Pennsylvania’s Lehigh Valley, which includes Lisa Bodnar’s home city of Allentown, has certainly seen some trying times. Famously, the region has long faced the economic downturn brought on by the decline of its industries. But somehow the area’s managed to triumphantly emerge from the darkness—stronger and more resilient than before. Lisa, who’s endured some trying times of her own, has inherited some of that defiantly optimistic, won’t-be-beaten-down Lehigh Valley grit, weaving it into the moving, beautifully crafted songs that make up 40 Years in the Desert, her long-awaited third album.

“I’ve definitely been in a dark place at times,” says the singer-songwriter, who’s not only made it through the ups and downs of life and relationships and the unrelenting workaday grind most of us face, but also through a series of merciless floods that destroyed her home. “Somehow, I stayed positive. And I got some good songs out of it.”

Great songs, actually. The songs on 40 Years in the Desert—the album’s title inspired by a transformative trip to Joshua Tree National Park in California—are some of Lisa’s best. “Feeding Time,” a haunting, mid-tempo burner, was inspired by her dealings with the predatory sharks so common in the music and business worlds: “I don’t wanna be around / When it’s feeding time,” she sings with unwavering resolve. The twangy, country-pop ballad “Best That I Can” finds the songstress reflecting on “the one that got away” and is rich with imagery that’s both tactile and poetic: “Dog-eared pages in the Book of Job / I’m cleansing my conscience in a hotel robe.” But the album’s not all Brechtian bittersweetness: “I Love You Friend” is an upbeat, mariachi-flavored gem that captures the nervous warmth felt when friendship becomes something more.

“‘I Love You Friend’ came to me in a dream,” recalls Lisa. “When I woke up, I sang it into my phone so I wouldn’t forget it. It’s kind of a barroom tune, about looking across the floor at someone you’ve known and realizing you’re in love with them. And that you have to tell them, even though you’re not sure if it’ll work out.”

Born to violin-playing parents who met in their high school orchestra, Lisa began her lifelong love of music via her mother’s record collection. “The Eagles and all that other California music,” she says. “That’s what did it for me. A lot of soundtrack music, too.” Although she started on piano at age five, she was “always writing songs, as far back as I can remember. I just start playing…a melody will come to me, then maybe some lyrics. Or I’ll sort of carry around a melody in my head for a while and write lyrics to it. It’s really a perfect storm, when it all comes together like that.”
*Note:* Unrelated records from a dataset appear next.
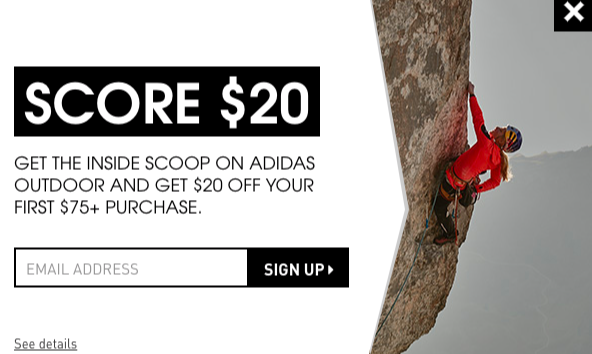 Adidas newsletter discount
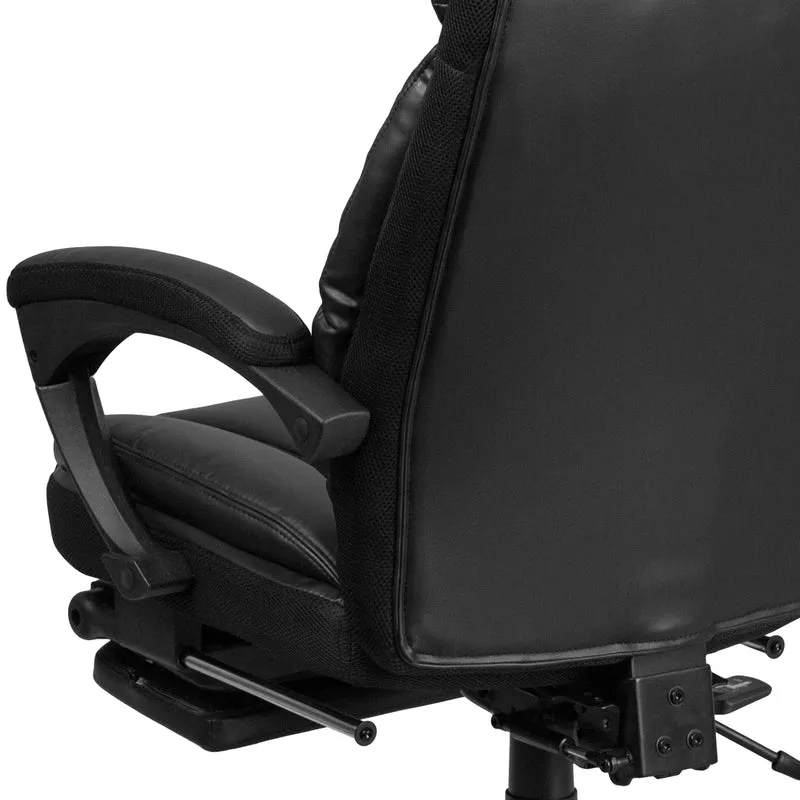 High Back Leather Executive Reclining Swivel Office Chair with Comfort Coil Seat Springs and Arms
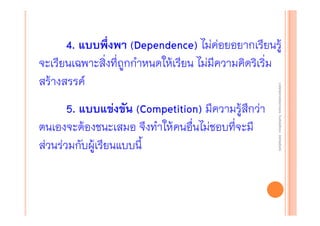 5. แบบแข่งขัน (Competition) มีความรู้สึกว่า
Competition)
ตนเองจะต้องชนะเสมอ จึงทําให้คนอื่นไม่ชอบที่จะมี
ส่วนร่วมกับผู้เรียนแบบนี้

งานนิ ทศการเรียนการสอน โรงเรียนสิรินธร จังหวัดสุรนทร์
งานนิเเทศการเรียนการสอน โรงเรียนสิรินธร จังหวัดสุรนทร์
ิิ

4. แบบพึ่งพา (Dependence) ไม่ค่อยอยากเรียนรู้
Dependence)
จะเรียนเฉพาะสิ่งที่ถูกกําหนดให้เรียน ไม่มีความคิดริเริ่ม
สร้างสรรค์

 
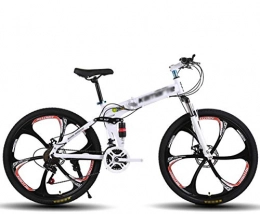 SAFT Folding Bike Folding 24 / 26 Inch Adult Mountain Bike Bikes, Adult Variable speed double shock-absorbing bicycle with 6-Spoke Wheel, 21 / 24 / 27 Speed (Color : White, Size : 26 inch 27 speed)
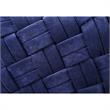 Jenna Square Ottoman Navy Blue Velvet  Upholstered Hand Woven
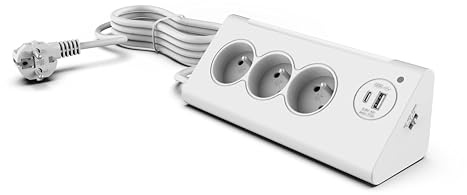 Multiprise d'angle Northpoint à 3 Prises avec veilleuse et capteur crépusculaire, Sorties USB et USB-C, Longueur de câble 140 cm (Blanc)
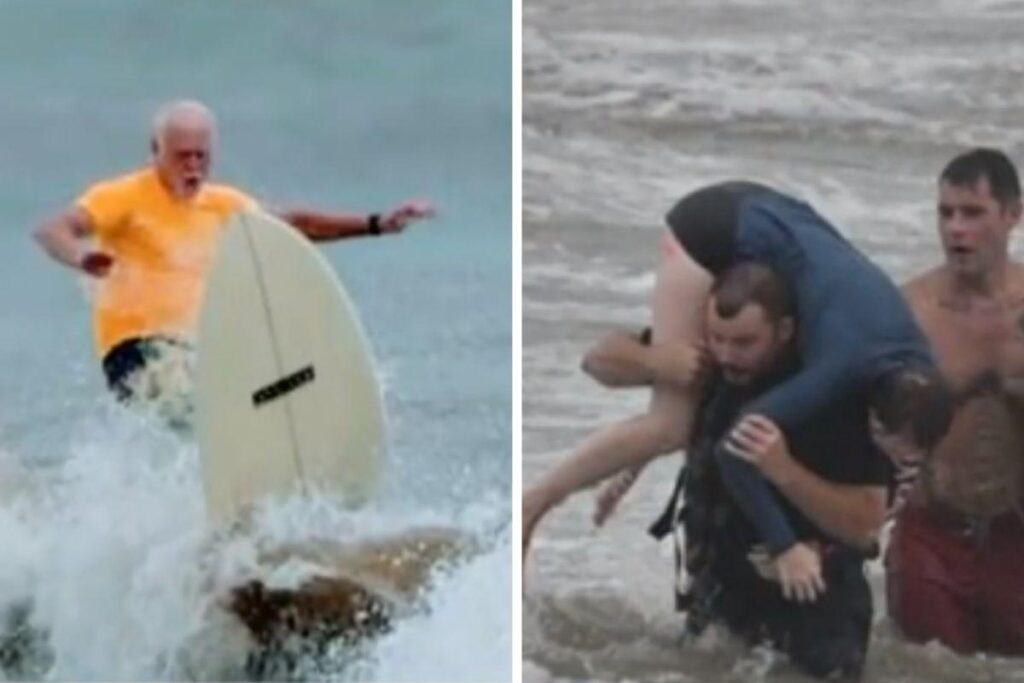 O idoso surfa desde os 16 anos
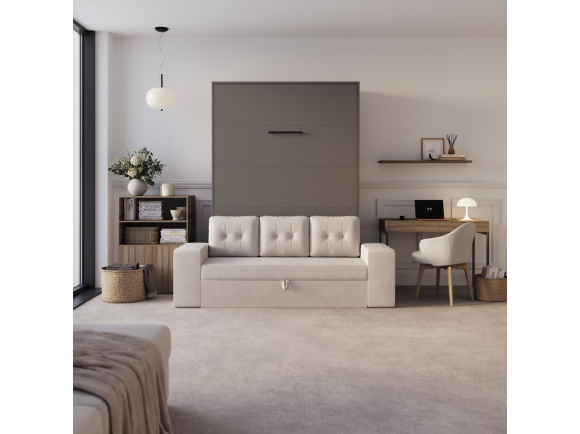 SMARTBett Schrankbett M3 140x200 Vertikal Anthrazit mit Sofa Sandgrau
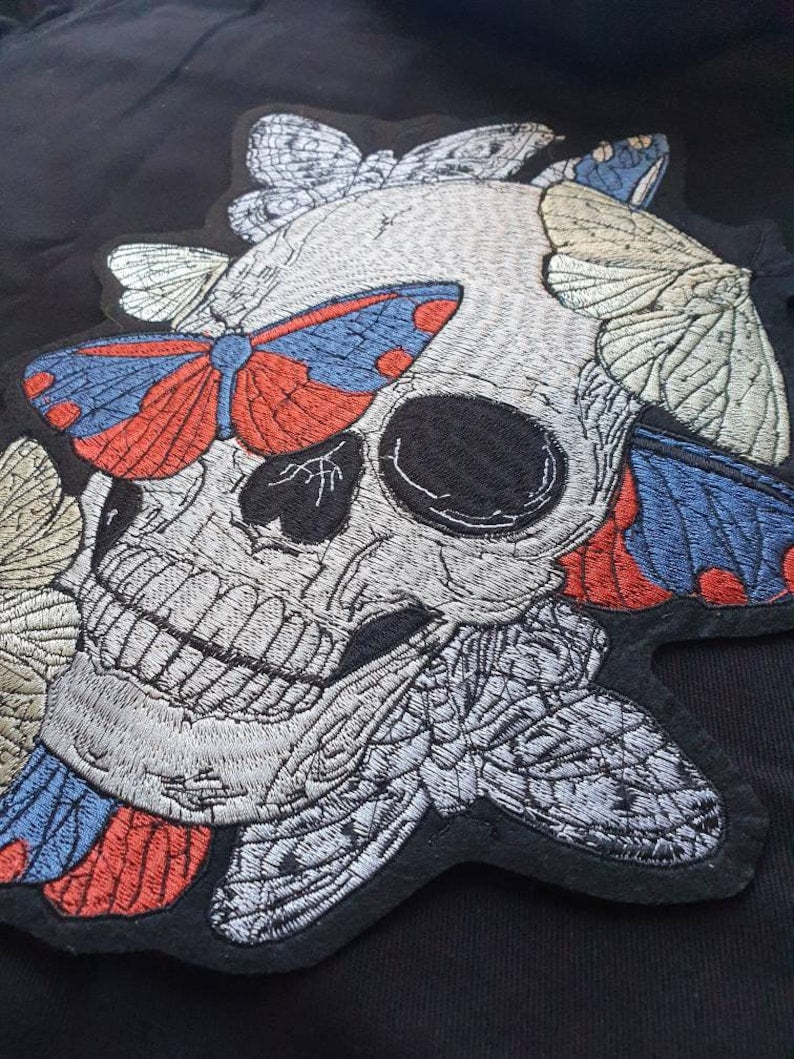 Flying Free // Skull Moth DIY Embroidered Patch Iron Sew On Back Gift  Horror Large Butterfly Craft Aesthetic Punk Metal Applique Motif UK x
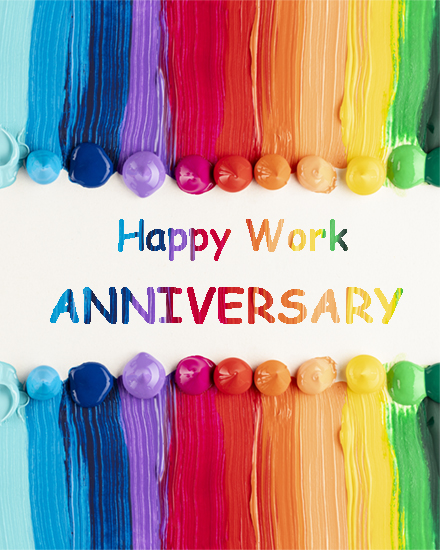 Flying Colours | Free Work Anniversary Group Card | Free Work ...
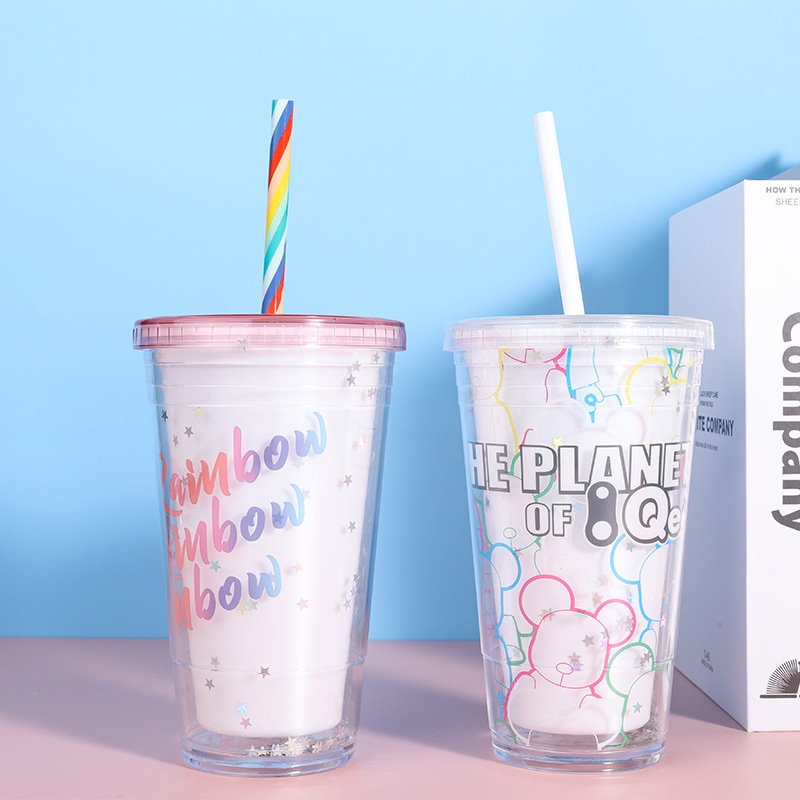 Rainbow Straw Transparent Double-Layer Plastic Cup – Plastic Bottle and Pet Bottle price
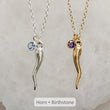 Load image into Gallery viewer, Deluxe Italian Horn Necklace • Mix & Match Personalized Initial and Birthstone • Good Luck Charm • Protection Amulet • Gift For Friend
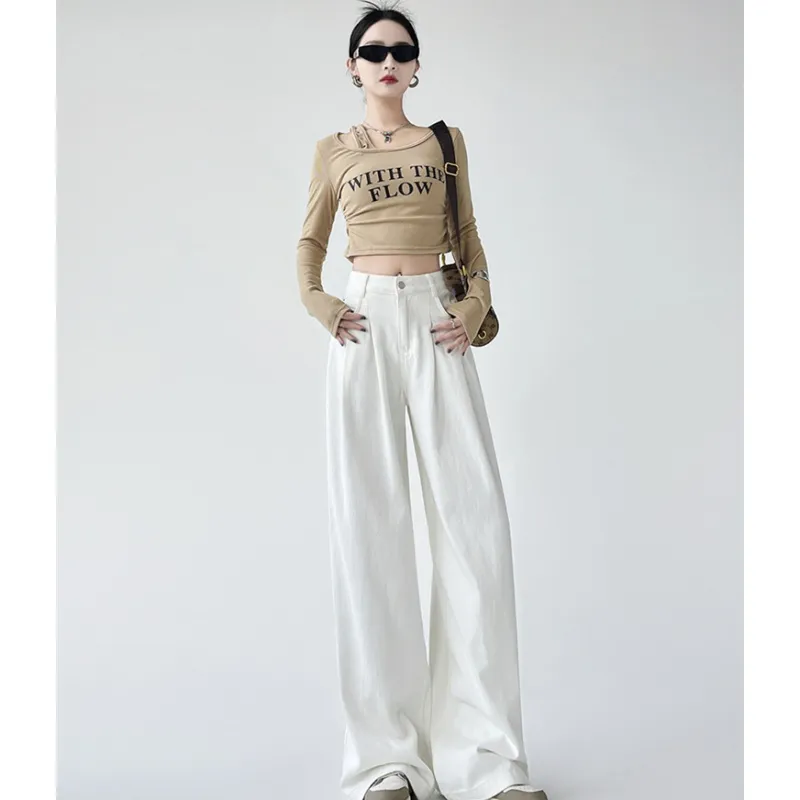 YGPRW Jeans Women's White-3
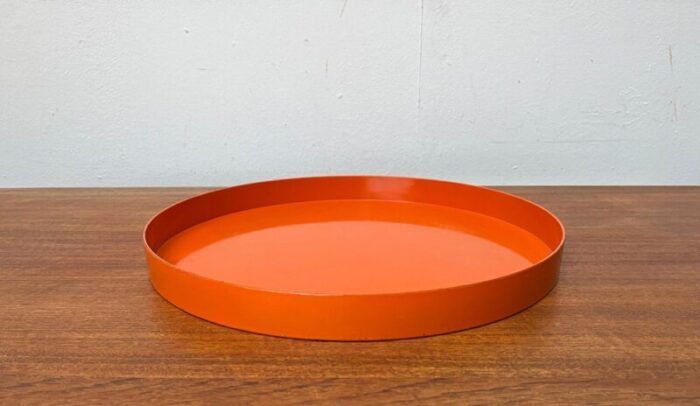 mid century space age orange plastic tray 1960s 1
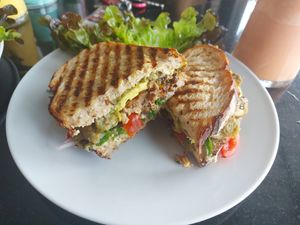Veetball and aubergine panini at Alchemy Vegan in Chiang Mai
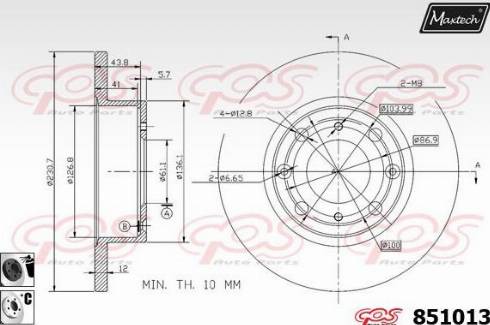 Maxtech 851013.6060 - Гальмівний диск avtolavka.club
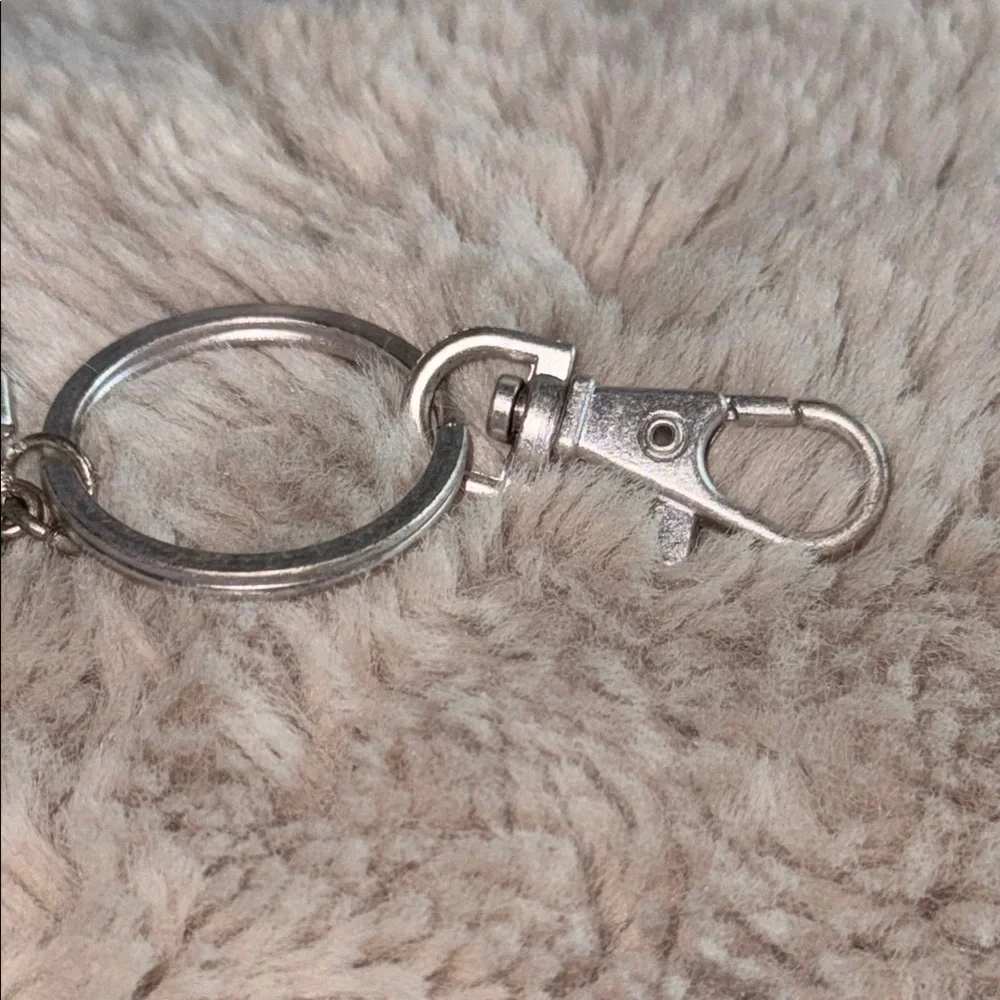 Silver Charm Keychain with Camera and Globe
The perfect storm of Lisa’s musical career came together in the late 1990s and early 2000s locally and in Philadelphia, where she was a featured artist on WXPN. Her debut, Maybe I Did, was released in 2003 to instant acclaim and even charted on college and triple-A radio (the disc was reissued with bonus tracks in 2005). In the mid-2000s, Lisa relocated to the New York area, where she recorded 2007’s glossier Come Hell or High Water. The sophomore set fared even better, garnering four Grammy nominations (Best New Artist; Best Pop Vocal Album; Best Engineered Album, Non-Classical; and Producer of the Year) and winning praise in the music and mainstream press.

“Bodnar sings with an undefeated strength of spirit in a voice that soars with hope and passion,” writes Dave Howell of The Morning Call, while Adam Harrington of Whisperinandhollerin.com says, “With such delicious singing Lisa Bodnar could be singing about a natural disaster, and we’d still be swooning at her feet.”

And now, after 12 years of steady gigging that’s included slots with Vapors of Morphine and other top acts, Lisa has reemerged with 40 Years in the Desert, a sparser, rawer affair than either of its predecessors.

“This one’s much more me,” says Lisa, who performs live with her electrifying band, Whistlegrass. “And for me, it’s all about the songs. I’ve always liked songs that really evoke a feeling, even if they make you cry. But mostly I want my songs to make people feel good, like they’ve been elevated. I want to take them away.”

And away we go. Wherever it is that Lisa Bodnar’s music takes them, listeners will love the ride.